**PROBLEM TO WORK ON**
Copy the lines exactly as they appear, starting with the first line of the records and ending with the line that contains "Fototapeta premium Lots".

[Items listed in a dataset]
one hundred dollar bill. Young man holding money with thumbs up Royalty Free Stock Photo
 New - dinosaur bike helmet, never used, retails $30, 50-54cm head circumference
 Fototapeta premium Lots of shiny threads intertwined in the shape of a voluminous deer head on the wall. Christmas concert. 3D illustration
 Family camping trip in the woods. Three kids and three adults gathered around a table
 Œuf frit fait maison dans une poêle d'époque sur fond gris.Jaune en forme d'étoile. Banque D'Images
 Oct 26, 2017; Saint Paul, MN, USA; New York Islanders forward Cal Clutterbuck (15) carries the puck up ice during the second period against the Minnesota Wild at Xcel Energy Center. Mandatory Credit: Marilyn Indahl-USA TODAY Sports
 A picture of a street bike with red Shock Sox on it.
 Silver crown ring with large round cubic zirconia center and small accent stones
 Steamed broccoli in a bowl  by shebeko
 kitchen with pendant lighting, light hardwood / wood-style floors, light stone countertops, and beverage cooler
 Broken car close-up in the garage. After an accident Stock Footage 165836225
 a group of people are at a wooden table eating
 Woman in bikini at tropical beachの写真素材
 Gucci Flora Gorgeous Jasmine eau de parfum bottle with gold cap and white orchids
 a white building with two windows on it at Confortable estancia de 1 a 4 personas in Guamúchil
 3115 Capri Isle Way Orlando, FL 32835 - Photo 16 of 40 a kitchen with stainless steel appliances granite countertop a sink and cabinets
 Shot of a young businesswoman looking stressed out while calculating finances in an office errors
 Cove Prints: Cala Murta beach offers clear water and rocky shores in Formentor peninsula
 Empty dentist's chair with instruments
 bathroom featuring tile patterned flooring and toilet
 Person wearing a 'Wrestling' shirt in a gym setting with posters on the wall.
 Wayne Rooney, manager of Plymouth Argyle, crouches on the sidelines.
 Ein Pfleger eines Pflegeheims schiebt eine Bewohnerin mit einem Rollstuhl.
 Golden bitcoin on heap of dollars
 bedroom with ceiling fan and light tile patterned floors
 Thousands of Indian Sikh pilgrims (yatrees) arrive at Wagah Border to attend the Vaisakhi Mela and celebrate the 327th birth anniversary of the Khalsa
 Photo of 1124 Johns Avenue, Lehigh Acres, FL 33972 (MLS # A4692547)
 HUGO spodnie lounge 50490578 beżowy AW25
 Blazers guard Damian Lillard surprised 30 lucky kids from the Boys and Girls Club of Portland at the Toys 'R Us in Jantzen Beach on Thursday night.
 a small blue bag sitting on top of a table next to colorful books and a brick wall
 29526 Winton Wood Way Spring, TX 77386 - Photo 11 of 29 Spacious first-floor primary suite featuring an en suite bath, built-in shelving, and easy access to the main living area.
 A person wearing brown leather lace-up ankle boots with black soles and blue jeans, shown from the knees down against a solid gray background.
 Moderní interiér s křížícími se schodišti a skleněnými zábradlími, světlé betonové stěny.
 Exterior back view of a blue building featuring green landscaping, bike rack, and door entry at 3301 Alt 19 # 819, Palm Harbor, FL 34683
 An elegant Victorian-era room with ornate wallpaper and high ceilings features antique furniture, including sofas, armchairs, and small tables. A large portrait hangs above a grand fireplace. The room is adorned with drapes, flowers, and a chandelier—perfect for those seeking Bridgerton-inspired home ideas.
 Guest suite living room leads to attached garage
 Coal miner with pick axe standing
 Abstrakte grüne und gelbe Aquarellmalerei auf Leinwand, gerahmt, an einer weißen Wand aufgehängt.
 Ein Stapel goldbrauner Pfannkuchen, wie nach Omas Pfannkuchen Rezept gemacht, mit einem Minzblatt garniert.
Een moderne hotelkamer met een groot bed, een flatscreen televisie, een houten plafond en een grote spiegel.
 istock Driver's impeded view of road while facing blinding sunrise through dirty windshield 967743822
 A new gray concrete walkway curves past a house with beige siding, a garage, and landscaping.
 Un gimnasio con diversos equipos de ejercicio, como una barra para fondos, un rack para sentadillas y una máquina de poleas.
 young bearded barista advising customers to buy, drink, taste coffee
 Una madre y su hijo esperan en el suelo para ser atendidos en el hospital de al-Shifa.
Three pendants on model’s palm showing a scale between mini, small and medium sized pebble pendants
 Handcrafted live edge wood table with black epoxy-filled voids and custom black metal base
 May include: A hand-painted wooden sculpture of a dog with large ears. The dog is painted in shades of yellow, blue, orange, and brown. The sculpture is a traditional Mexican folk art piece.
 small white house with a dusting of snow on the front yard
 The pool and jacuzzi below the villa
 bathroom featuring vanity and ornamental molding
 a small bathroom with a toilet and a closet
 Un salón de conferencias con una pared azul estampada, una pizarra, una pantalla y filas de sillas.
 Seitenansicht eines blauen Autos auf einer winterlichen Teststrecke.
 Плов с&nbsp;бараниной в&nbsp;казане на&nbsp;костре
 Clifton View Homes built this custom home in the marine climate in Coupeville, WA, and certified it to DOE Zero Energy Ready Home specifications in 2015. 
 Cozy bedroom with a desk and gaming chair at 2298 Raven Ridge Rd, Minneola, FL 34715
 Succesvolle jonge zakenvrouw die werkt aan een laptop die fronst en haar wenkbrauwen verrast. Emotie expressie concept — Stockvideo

**SOLUTION FOR THIS EXERCISE**
one hundred dollar bill. Young man holding money with thumbs up Royalty Free Stock Photo
 New - dinosaur bike helmet, never used, retails $30, 50-54cm head circumference
 Fototapeta premium Lots of shiny threads intertwined in the shape of a voluminous deer head on the wall. Christmas concert. 3D illustration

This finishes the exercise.